“Thank God for the Saudis and Prince Bandar,” Senator John McCain has publicly stated numerous times. He is not alone. Many American elected officials regularly praise Saudi Arabia as one of its “greatest Gulf-State allies,” also referencing America’s “Qatari friends.”
However, these “friends” are among the world’s worst human rights offenders. Under Shari’a law, Saudi women are prohibited from:
- Going out unaccompanied in public. Women must be accompanied by a male guardian (a mahram) once they leave their home. Imagine “being allowed” to shop, run errands, or see a doctor– only with an “approved” chaperone. If violated, women face strict punishment. As The Guardian explains, “freedom of movement” causes women to become “vulnerable to sin.”
- Opening a bank account. Wives must first receive their husband’s permission. Daughters, their father’s permission.
- Driving. If women drove automobiles their presence would “undermine social values.” Amnesty International reports that women who supported the recent “Women2Drive campaign, launched in 2011 to challenge the prohibition on women driving vehicles, faced harassment and intimidation by the authorities, who warned that women drivers would face arrest. Some were arrested but released after a short period.”
- Dressing “indecently.” When going out, women are required to always wear an abaya, a long, black cloak, and a head scarf. According to Arab News, the Shoura Council (the king’s advisory body) recently ruled that the women should wear “modest” clothes and should not “show off their beauty;” meaning, not wear any makeup.
- Interacting with men in public. Women and men enter public buildings through separate entrances. Public transportation, parks, gyms, pools, and beaches are all segregated by two genders only: male and female. If women and men do interact, they are charged and punished for committing a crime with varying penalties.
- Competing as athletes. Unless a female athlete receives the required permission to compete in a competition, and are accompanied by a male guardian, they must also wear “Sharia-compliant” uniforms and cover their hair. Despite this, however, Saudi clerics still call women athletes “prostitutes.”
- Trying on clothes/undressing in store dressing rooms. To do so even behind closed doors in public is scandalous.
- Reading uncensored fashion magazines.
- Entering a cemetery.
- Purchasing a Barbie doll. Unless it’s a Fullah.
If America’s Gulf-state friends are as praiseworthy as U.S. senators suggest, why not send their mothers, wives, and daughters to live there? Why not suggest that American women also benefit from the way in which Saudi women are treated?
Why not prohibit American women from driving, having bank accounts, shopping, reading fashion magazines, burying their dead, and wearing make-up?
In addition to these restrictions, Amnesty International’s 2014-2015 Report on Human Rights Violations states that the Saudi government has:
“Severely restricted freedoms of expression, association and assembly, and cracked down on dissent, arresting and imprisoning critics, including human rights defenders. Many received unfair trials before courts that failed to respect due process.
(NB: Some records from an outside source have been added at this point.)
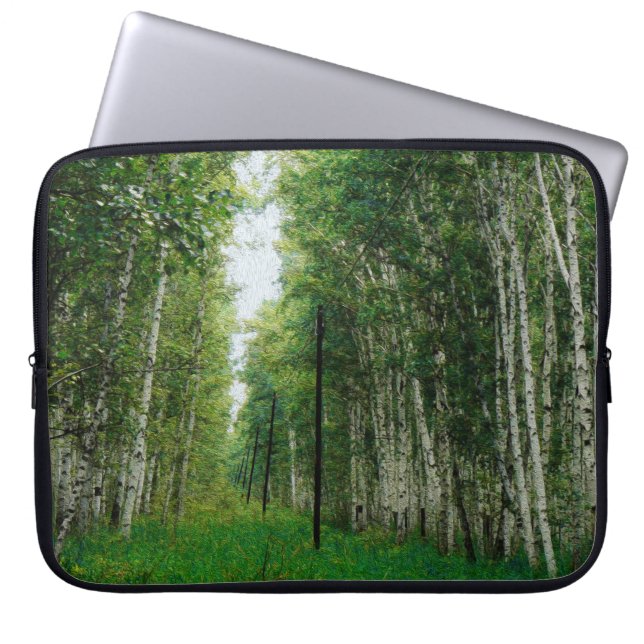 Capa Para Notebook Bela Arte da Floresta de Pássaros (Frente)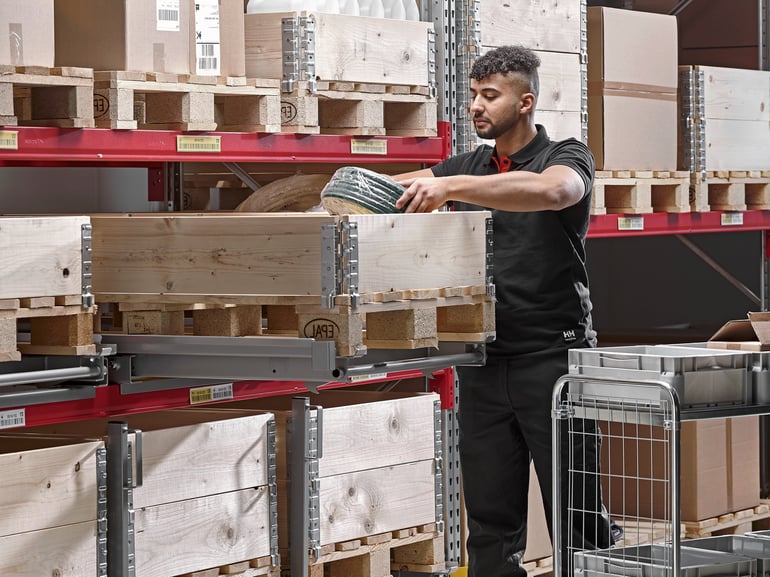 Pallet racking in a warehouse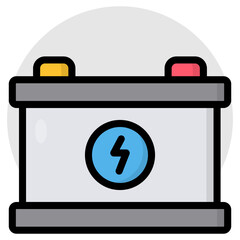 Car battery icon in flat design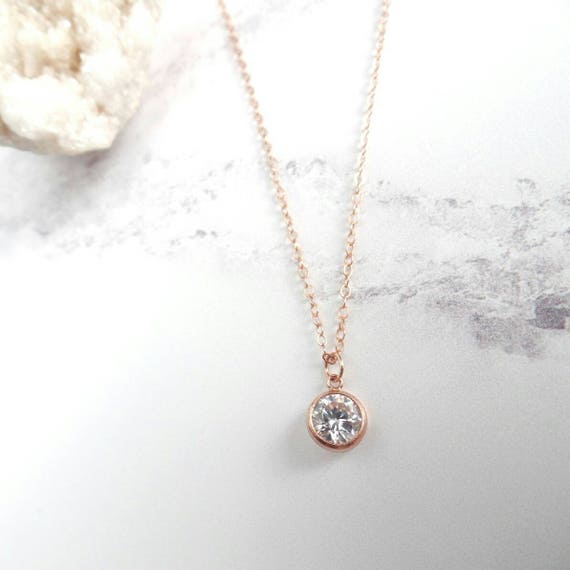 Rose Gold Filled Rose Gold Necklace Cubic Zirconia Pendant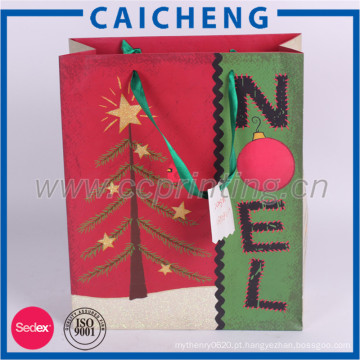 Saco de presente de papel personalizado kraft de Natal com logotipo impresso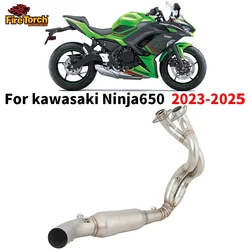 Slip On For Kawasaki Ninja 650 2023 - 2025 Motorcycle Exhaust Full System Escape Moto Modified Stainless steel Front Link Pipe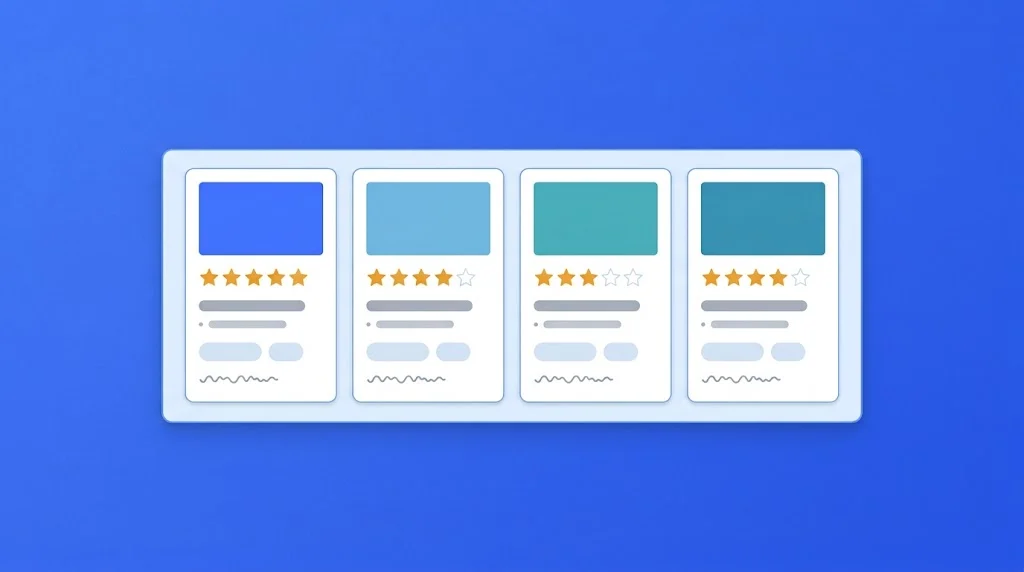 Four business listing cards side by side, each showing a star rating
“New legislation effectively equated criticism of the government and other peaceful activities with terrorism. Authorities clamped down on online activism and intimidated activists and family members who reported human rights violations.
“Torture of detainees was reportedly common; courts convicted defendants on the basis of torture-tainted ‘confessions’ and sentenced others to flogging. Women faced discrimination in law and practice, and were inadequately protected against sexual and other violence.
“Authorities [also] made extensive use of the death penalty and carried out dozens of public executions.”
Saudi women and girls are systematically legally and culturally discriminated against. Under Shari’a law, women have subordinate legal status to men, as defined in the Qur’an Surah IV (Women), which establishes guidelines for marriage, divorce, child custody and inheritance. Saudi women are rarely protected from sexual and other violence. Amnesty International reports that domestic violence is endemic to Saudi culture.
Yet, Americans are to “thank God for the Saudis.”